June 2004 Archives
I'll be away from a computer for a week. No email, no blogging, no CNN.com. In fact, even though there is a computer up at Broad Creek (the scouts can receive one email a day), it's about 10 miles away at reservation headquaters. Even if I wanted to use the computer, I'd have to get in my car and drive to it. But I should be back blogging - I hope with a humorous story or two to tell - next Sunday. Of course, by that time you'll all be away for the Fourth of July weekend. So we'll see each other anon.
Any bets on how many spam comments I'll get?
K-
Today was packing day. When you head off to Boy Scout Summer Camp, you have to bring a lot of things with you. Much of what you bring with you is stuff the boys should be bringing but forget: paper, pens, band-aids, and so on. But I"ve also got to bring along a lot of "Scout Stuff". Some of what I do as Scoutmaster is teach and train the new boys in the ways of scouting. They'll want to learn how to tie knots, so I bring along practice ropes. They'll want to know how to use a map and compass, so I bring along my compass and topographic maps. If it were just me going, I'd bring along my chair, my book, and a cup of coffee.
I'll get to loaf some - well, make that a lot - but I'll also be a Scoutmaster.
K-
I was sitting on the couch last night when I needed something from upstairs. My youngest son was up walking about in the kitchen so I decided to ask him to go up. We really hadn't been talking about anything, in fact, we had just gotten home from our weekly scout meeting. So I decided to prevail upon his good will.
"D-, how would you like to do me a really big, big favor?"
"OK, just as long as it doesn't have anything to do with your feet."
K-
Last night my younger son and I traveled to Broad Creek Memorial Scout Reservation for a pre-camp meeting of scoutmasters and senior patrol leaders. I am the former and D- is the latter. The drive to Broad Creek is a little more than an hour so he and I had ample opportunity to chat. Like most father/son chats the subjects were wide-ranging, from how the "wings" on race cars work to reminiscences about Cub Scout resident camp to how all movies seen in health class are gross. One snippet of conversation, in particular, sticks in my mind:
Says D-: "What's that head-chopper thing called? The one with the big blade that drops down?"
"A guillotine? It's actually named for the French guy that invented it."
"Yeah, that. I heard you actually stay alive for a while after your head is chopped off. You can actually see your own dead body."
"Now how would they know that? Do they have records from the French Revolution of people's heads saying 'Wow, I can see my own dead body.' as they lie there in the head basket?"
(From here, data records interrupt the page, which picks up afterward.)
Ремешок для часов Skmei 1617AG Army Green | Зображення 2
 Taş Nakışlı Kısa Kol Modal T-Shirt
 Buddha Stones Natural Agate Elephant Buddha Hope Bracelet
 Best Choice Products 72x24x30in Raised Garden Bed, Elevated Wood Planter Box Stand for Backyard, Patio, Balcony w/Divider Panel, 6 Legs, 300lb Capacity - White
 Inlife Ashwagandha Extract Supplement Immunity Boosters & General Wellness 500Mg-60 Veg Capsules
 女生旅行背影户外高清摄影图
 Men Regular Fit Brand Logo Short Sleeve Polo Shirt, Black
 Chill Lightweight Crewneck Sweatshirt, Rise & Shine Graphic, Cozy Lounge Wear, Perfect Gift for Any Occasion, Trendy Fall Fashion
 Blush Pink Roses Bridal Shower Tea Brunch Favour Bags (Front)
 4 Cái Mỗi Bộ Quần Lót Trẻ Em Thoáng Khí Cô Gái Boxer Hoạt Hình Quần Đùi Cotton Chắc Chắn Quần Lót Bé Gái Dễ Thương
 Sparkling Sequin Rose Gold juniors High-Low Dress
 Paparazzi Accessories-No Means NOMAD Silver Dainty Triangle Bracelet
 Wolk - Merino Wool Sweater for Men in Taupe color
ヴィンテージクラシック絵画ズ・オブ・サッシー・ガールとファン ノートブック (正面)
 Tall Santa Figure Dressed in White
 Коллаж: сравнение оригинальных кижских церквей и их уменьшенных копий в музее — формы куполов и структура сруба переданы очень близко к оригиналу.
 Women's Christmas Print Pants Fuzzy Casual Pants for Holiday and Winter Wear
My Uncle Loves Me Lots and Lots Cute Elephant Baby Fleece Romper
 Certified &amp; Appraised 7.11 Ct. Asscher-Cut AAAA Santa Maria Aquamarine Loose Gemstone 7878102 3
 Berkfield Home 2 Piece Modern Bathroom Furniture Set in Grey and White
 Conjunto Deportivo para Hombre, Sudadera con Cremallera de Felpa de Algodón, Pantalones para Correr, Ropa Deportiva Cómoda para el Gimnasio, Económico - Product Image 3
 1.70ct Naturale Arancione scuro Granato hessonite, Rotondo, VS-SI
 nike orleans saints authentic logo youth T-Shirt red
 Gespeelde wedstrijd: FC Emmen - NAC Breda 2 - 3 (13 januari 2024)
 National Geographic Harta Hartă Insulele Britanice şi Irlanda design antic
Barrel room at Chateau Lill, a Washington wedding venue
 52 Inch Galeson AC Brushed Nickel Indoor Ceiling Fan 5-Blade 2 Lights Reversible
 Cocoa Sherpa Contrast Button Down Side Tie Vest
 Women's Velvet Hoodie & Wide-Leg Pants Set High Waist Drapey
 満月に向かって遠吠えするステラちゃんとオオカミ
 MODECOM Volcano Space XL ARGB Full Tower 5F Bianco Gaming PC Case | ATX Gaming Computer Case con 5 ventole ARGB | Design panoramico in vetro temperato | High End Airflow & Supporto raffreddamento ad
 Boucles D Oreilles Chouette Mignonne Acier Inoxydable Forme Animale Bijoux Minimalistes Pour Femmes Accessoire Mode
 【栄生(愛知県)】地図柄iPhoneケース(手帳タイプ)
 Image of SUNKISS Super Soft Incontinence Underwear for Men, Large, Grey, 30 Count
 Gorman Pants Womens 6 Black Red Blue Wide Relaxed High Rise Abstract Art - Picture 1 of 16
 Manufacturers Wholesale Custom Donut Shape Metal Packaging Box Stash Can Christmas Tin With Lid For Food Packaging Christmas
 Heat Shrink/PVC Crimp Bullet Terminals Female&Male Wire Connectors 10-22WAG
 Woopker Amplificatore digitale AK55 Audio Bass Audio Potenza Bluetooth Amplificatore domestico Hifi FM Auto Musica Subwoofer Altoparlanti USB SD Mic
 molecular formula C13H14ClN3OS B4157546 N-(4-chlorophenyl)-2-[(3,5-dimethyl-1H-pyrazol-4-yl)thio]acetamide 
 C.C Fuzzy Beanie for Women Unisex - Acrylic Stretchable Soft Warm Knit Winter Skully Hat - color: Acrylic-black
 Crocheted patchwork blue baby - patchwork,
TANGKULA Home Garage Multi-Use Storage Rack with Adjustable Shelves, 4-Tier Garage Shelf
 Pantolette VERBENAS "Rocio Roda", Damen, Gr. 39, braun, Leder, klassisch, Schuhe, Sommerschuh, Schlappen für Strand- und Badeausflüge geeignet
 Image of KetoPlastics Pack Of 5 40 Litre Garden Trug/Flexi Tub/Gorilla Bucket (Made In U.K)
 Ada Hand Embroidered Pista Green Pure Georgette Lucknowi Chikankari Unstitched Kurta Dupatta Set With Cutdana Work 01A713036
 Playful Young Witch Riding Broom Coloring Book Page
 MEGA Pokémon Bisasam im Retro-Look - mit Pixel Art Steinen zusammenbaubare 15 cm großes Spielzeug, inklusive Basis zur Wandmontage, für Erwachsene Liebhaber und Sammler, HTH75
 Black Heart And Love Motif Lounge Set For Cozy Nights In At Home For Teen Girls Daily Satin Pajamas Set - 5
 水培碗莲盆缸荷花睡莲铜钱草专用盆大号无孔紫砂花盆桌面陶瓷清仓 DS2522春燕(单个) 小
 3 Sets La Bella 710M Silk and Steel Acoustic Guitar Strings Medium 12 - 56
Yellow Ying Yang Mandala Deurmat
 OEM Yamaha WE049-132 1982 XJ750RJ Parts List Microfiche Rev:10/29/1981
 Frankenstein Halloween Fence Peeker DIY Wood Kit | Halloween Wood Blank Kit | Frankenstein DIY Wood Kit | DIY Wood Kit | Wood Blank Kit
"It's true! I swear. The head is still alive even after it's chopped off."
"Where did you hear all this?"
"From a kid at school."
"A kid at school!?! And you believed him? What is he... an executioner?"
"Well, at first I didn't believe him."
I wonder what finally convinced him.
K-
The American Film Institute has named its list of the 100 Best Movie Songs of all time. AFI's pick as the No. 1 movie song - Over The Rainbow - comes from one of my very favorite movies: The Wizard of Oz.
Most people don't feel the same way about The Wizard of Oz as I do. I think this is because the movie has been over-shown and, well, you know, familiarity breeds contempt and modern audiences no longer appreciate what a great movie it is.
Just by sheer dint of seeing The Wizard of Oz so many times, I've committed large portions of its dialog to memory. My favorite part is when the Wizard has just finished passing out things to the Scarecrow, the Tin Man, and the Cowardly Lion and he launches into this oration describing how he's going to return Dorothy to Kansas in a balloon. Wonderful! Actually, anything spoken by Frank Morgan and his many characters are my favorite parts of Wizard of Oz dialog.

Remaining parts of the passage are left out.